How Mexico City's Drunk Driving Crack Down is Making the City Safer Nathaniel Parish Flannery - The Atlantic Cities | |
go to original February 6, 2013 |
Mexico has one of the world's worst road safety records, with more than 80,000 people killed in traffic accidents in the past four years. But authorities say the message is slowly getting through that the country's laws are there to be obeyed. Encouragingly, despite population growth, the number of road deaths is stable, and there is evidence, particularly in Mexico City, that attitudes towards drunk-driving are changing for the better. (The Guardian UK)
After midnight, Cesar Perez, the director of Mexico City's Driving Without Alcohol program, stands alongside more than a dozen other police officers at a checkpoint on the corner of Reforma and Insurgentes avenues, near the capital's historic center. Perez, a veteran officer with a serious demeanor, isn't looking for drug smugglers.

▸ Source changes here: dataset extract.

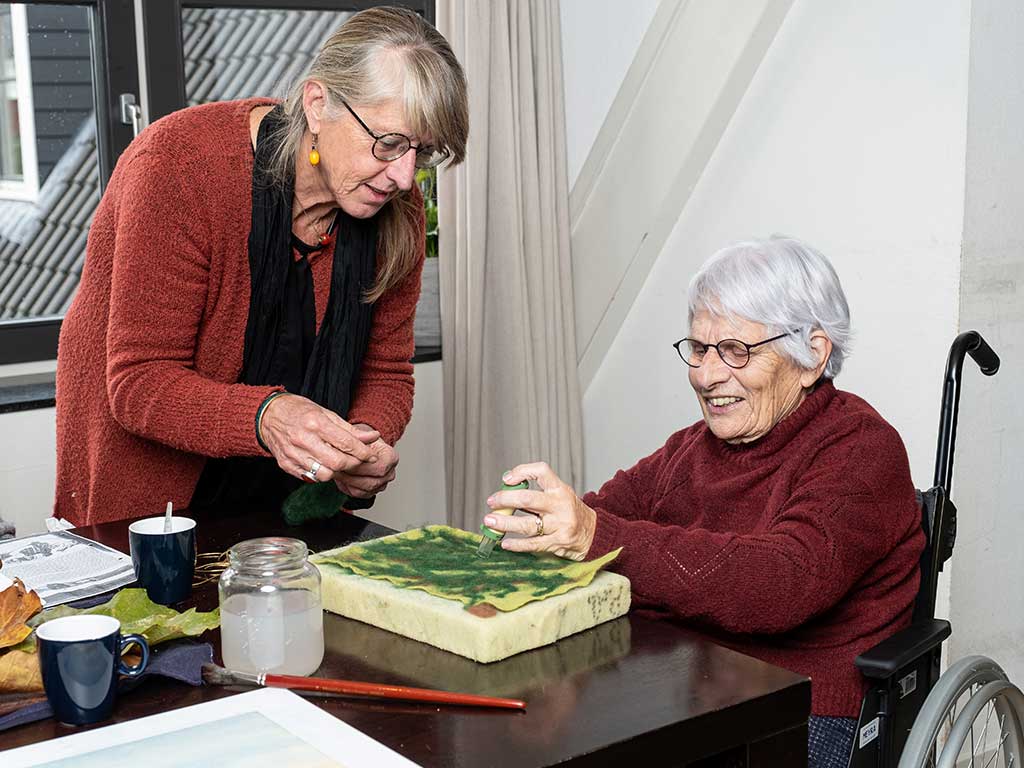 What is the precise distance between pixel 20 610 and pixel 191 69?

He and his team have a different focus: drunk drivers.
He looks over at the line of cars by the curb. "In 2003 [former New York City mayor Rudolph] Giuliani came to look for programs to increase the efficiency of the police," Perez says. "We had a high incidence of drunk driving." Under a slight drizzle, a police tow truck operator raises the front of an impounded late model Volkswagen Beetle. The car's driver, a middle-aged man in a crisp blue shirt, fails his breathalyzer test and will spend the night inside a holding facility, along with a few hundred other over-the-legal-limit drivers detained at other checkpoints.

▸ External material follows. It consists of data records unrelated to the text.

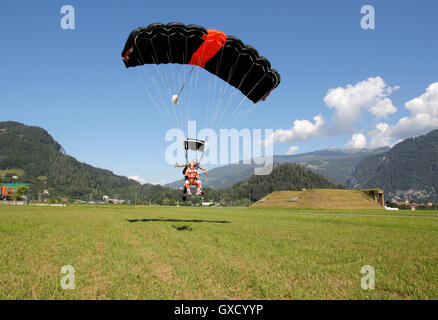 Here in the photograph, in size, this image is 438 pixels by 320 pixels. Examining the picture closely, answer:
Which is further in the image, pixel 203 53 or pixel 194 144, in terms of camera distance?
pixel 194 144

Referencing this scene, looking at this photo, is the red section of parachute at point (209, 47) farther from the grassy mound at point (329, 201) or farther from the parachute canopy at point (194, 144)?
the grassy mound at point (329, 201)

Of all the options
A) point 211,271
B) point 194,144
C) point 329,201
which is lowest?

In other parts of the country, cartel violence is raging and criminals are taking advantage of the resulting power vacuum. But in Mexico City, the police, through their presence in the streets, have helped reduce the types of common crimes that affect residents the most. The alcoholímetro checkpoints are now a well-recognized element of Mexico City's nightlife. They are part of a broader slate of innovative community-oriented police programs that have helped turn Mexico City from one of the world's most dangerous places into one of the safest areas in Mexico.

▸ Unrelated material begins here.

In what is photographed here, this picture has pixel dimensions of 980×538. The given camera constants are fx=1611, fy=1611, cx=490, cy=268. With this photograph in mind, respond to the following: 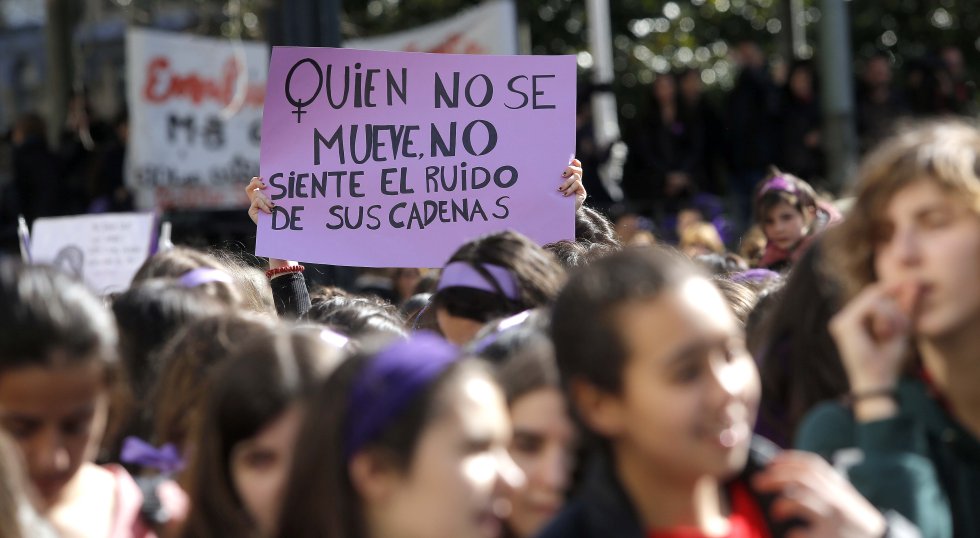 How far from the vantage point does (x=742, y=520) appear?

At the checkpoint on Reforma Avenue, police officers in white vests emblazoned with the word "ALCOHOLÍMETRO" wave cars though the cordoned-off lane behind the mobile breathalyzer station. "It's a civil infraction... [we detain] eight to twenty-five people a night," at each checkpoint, Perez explains. Five detainees who failed their breathalyzer tests wait inside a transport vehicle. "When there are five or six people, we take them to El Torito," he says, a holding facility where drunk drivers must spend a minimum of twenty and a maximum of thirty-six hours. "It's not a pleasant place. People don't want to go back," Perez says.